See, my mother depended upon my grandmother as much as I did- if not, moreso. My mother's birth father left her, and her two siblings, when they were very young. My mother remained dependent upon my grandmother for emotional support. With my grandmother gone, and us both missing her, it's easy to assume it was a recipe for disaster. It was.
Big time.
My own father, who was always really verbally amusive towards me, was getting especially tough on me since my coming of age. Now that I was in college, he believed that I should have been out of the house, on my own, though I was only nineteen.
One night, my mother and father got into a huge fight...which, wasn't abnormal...
But this time my father, in a drunk rage, points his finger in my mother's face and says menacingly
"And I was still paying for your college tuition when you were married to that other guy."
This sort of startled me.
Other guy?
What other guy?
In a well-written letter the next day (so was my mother's style, she could never just TELL me anything), my mother explains she was married before... briefly... to an unnamed man... when she twenty...
She married my father when she was twenty-six.
Had me at twenty-seven.
I was struck.
I couldn't believe that I had been living this, without ever having really known her or her agenda, for the whole nineteen years of my existance.
I was really angry at first. Not only about that, but about so many things that had built up that had be at odds against her. So many things were running through my mind. So many things about my mother that I never understood and remained enraged about.
I tried to make sense of it, but couldn't.
So I stopped.
I just stopped questioning.
And I tried to understand...
I know how she is, probably better than anyone now.
She has this thing about her, where she's strong and incredibly weak at the same time.
She's strong enough to stand up to my father, but she's weak because she won't leave him.
She was strong enough to leave the man who hurt her first, but she's weak because she still keeps the pain he left her with.
I realized there was nothing I could do, but love her.

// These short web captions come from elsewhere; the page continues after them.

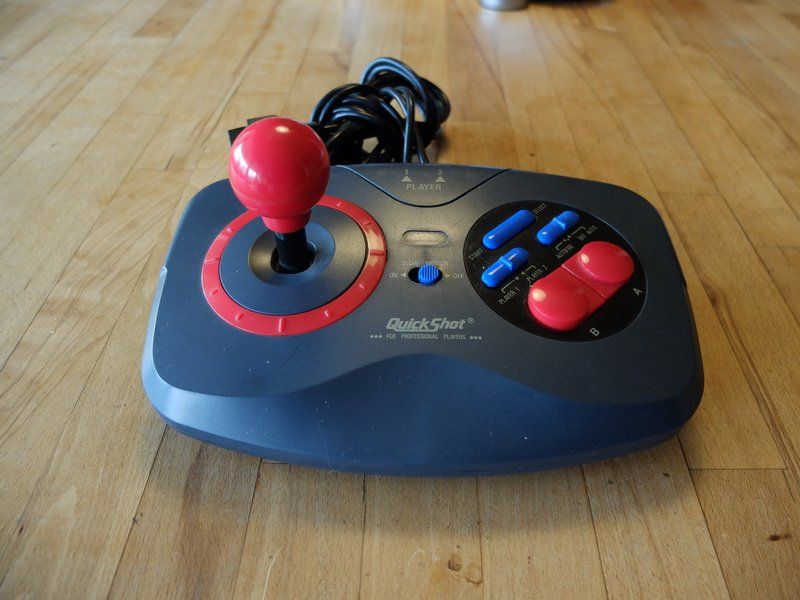Nintendo Console: quick shot QS-128N / manette arcade pour Nes – Usato da Nyon venduto da granada02 4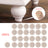 Furniture Table Chair Leg Non-Slip Self-Adhesive Floor Protector EVA Sticky Pads, 15mm / 25pads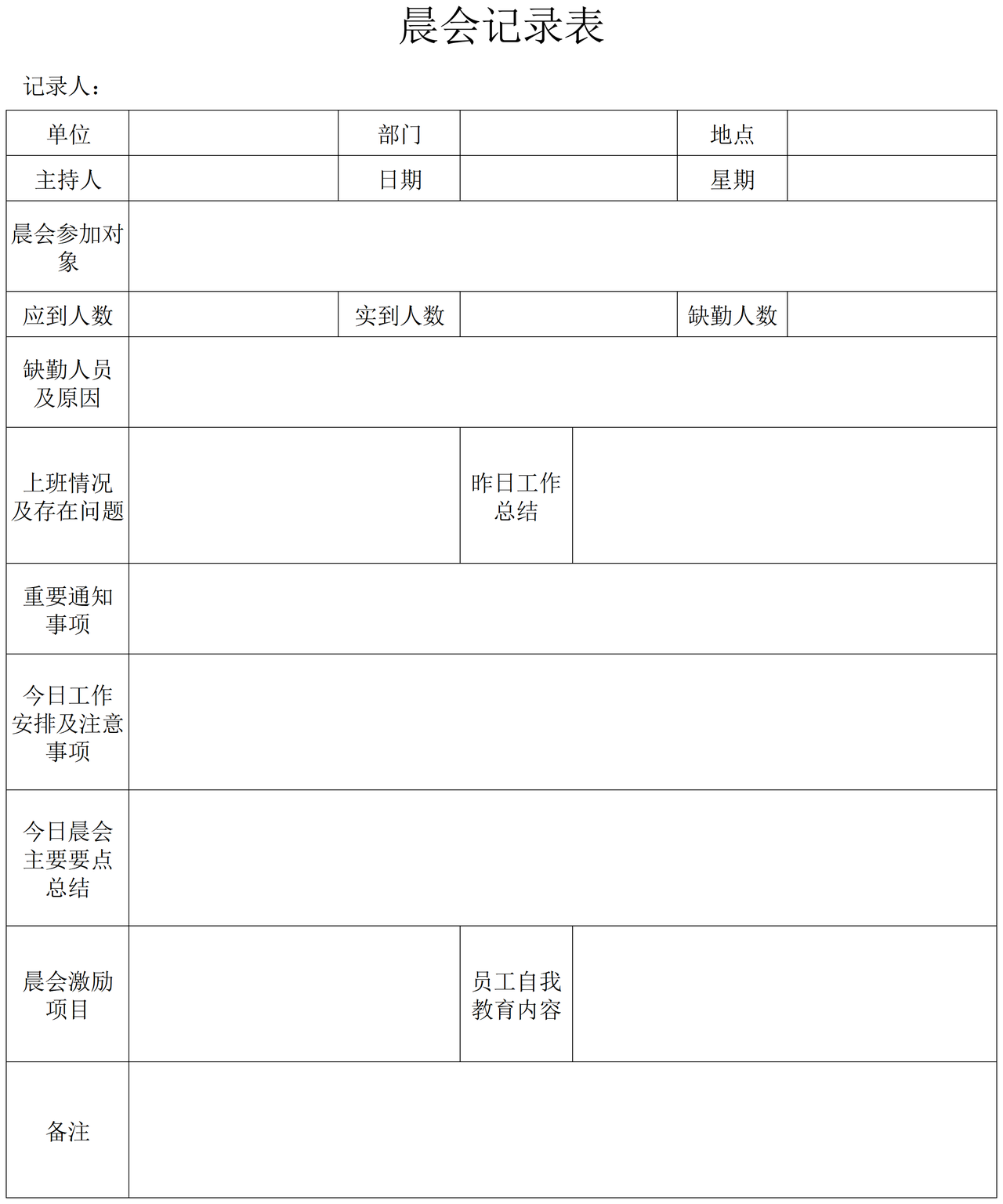 晨会记录表.xlsx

Nothing at all, but love her.
It's that simple, and yet, that hard.
I never approached the topic again with my mother. I'm sure she thought I'd be completely destroyed by it... but in theory it explains so much for me. It puts me a bit at ease about how she is the way she is.
There's no way she needs forgiveness from ME for leaving someone who hurt her. I applaud her for it, and in fact, have an entirely new respect for the way she handles things. Though there's still a lot I have left to understand, and unearth, about this woman...
I'm ready.
I just have to see her with open eyes,
and know that I do love her, as her daughter, and I always will.